A little under three weeks ago, we had to say goodbye to Puppy Girl. It was the right time, by my reckoning, not too soon and not too late. My wonderful veterinarian, Karen Pearson, DVM, who we have followed through a few veterinary practices, and who has treated Puppy Girl for ten years, came to our house. Puppy Boy was there, along with the rest of her family, at the end. We laughed, and told stories of her and her Boy and our prior dog. Karen's part of our pack: she felt our loss like it were her own and gave us the support we needed. I've always felt that way about her.
Now, however, Puppy Boy is without his Girl. Like any other caregiver, he spent the greater part of the last few years tending to his charge. He worried over her, made sure she had plenty of attention, and tormented her with puppy games to keep her engaged. Now that she's gone, he seems lost. Daughter's dog isn't much help- to Puppy Boy, he's a new addition and competition for affection. What's a Puppy Boy to do? Turn to his pack, of course. Mommy is his "go to" when he's feeling needy, with daughter running a close second. Without us, he worried his paw and chewed it. He looked lost and unhappy. We've given him lots of love, and tons of attention. We've kept the rest of his schedule and life as much the same as we can, and he's slowly returning to his old self.
Here in the Trenches, a lot of our clients are like Puppy Boy. Their marriage and their spouse were the constants in their lives. Without them, our clients are adrift. We know they will get their bearings at some point, and move on to a different life. The question is what to do in the meantime. The temptation for most people is to throw out the baby with the bath water. They want a clean break, they want no reminders of their marriage or their spouse, and they jettison everything from their old life all at once. Big mistake. Even though those things from the old life can be painful, pain is necessary in order to move forward. It's a requirement in order to work through the stages of grief. If you ignore it now, it will just come back and rear its head at an unexpected time in the future. As strange as it sounds, a clean break is not so healthy. We need reminders in order do the hard work.

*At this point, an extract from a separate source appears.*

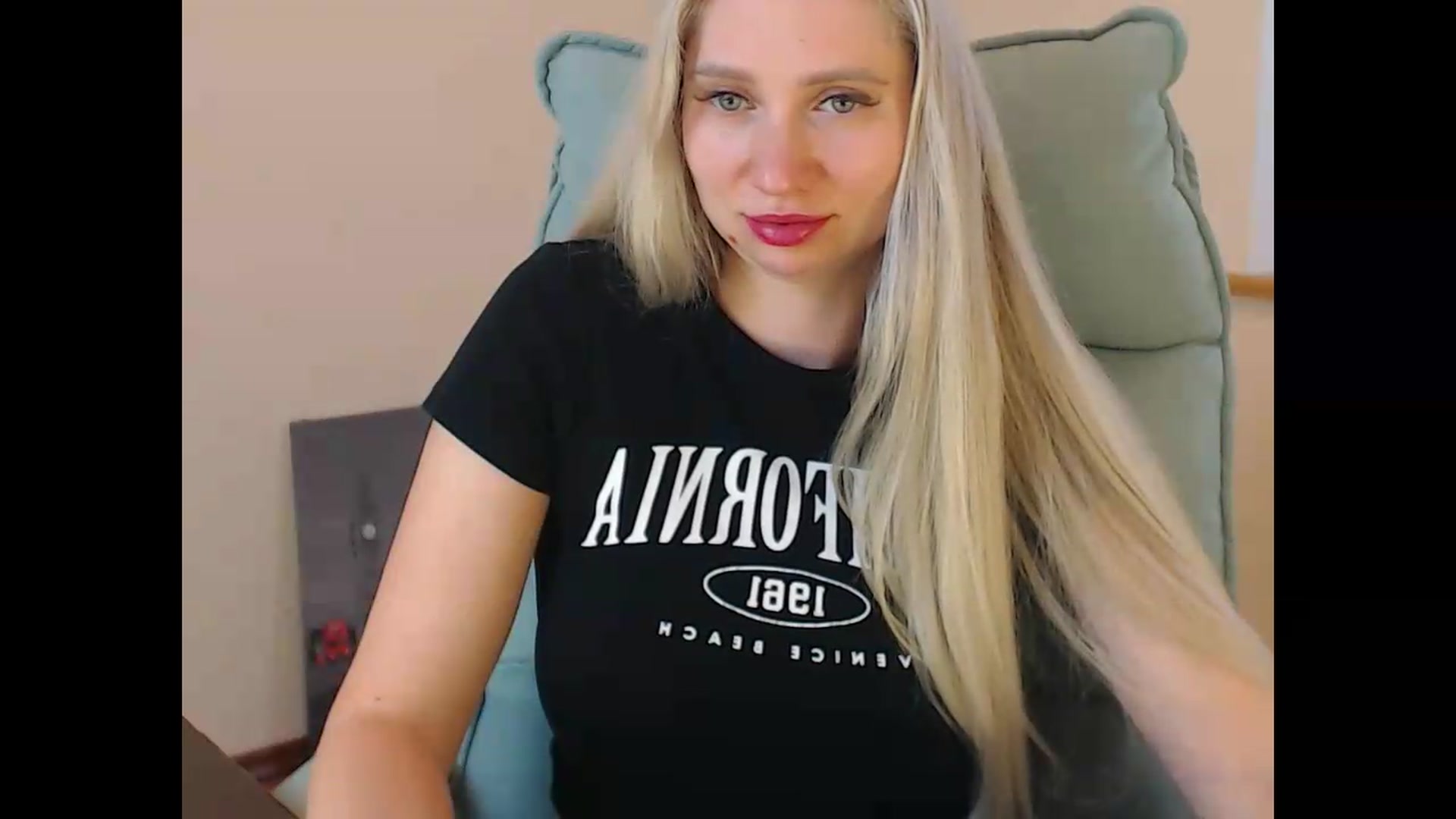 Gallery image thumbnail from Miss_Sylvia's myfreecams stream on, 07/06/2026, 17:52 image 16 of 20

What else do our clients need Here in the Trenches? Like Puppy Boy, they need their pack. As we saw with Puppy Boy, their pack isn't just anyone. It's not someone in a like position, or else Daughter's dog would have done just fine. Their pack is the people they count on to keep their lives on an even keel. They are the folks who have been their constants through their life. A lot of people don't want to be these folks, because they don't know what to say and do to make our clients feel better. That's too bad, because our clients don't need someone to do something to make them feel better: just being there makes them feel better. Really, what our clients need to know is that they're not alone and they're still loved. By the way, Puppy Boy is doing much better, just like our clients. Here in the Trenches.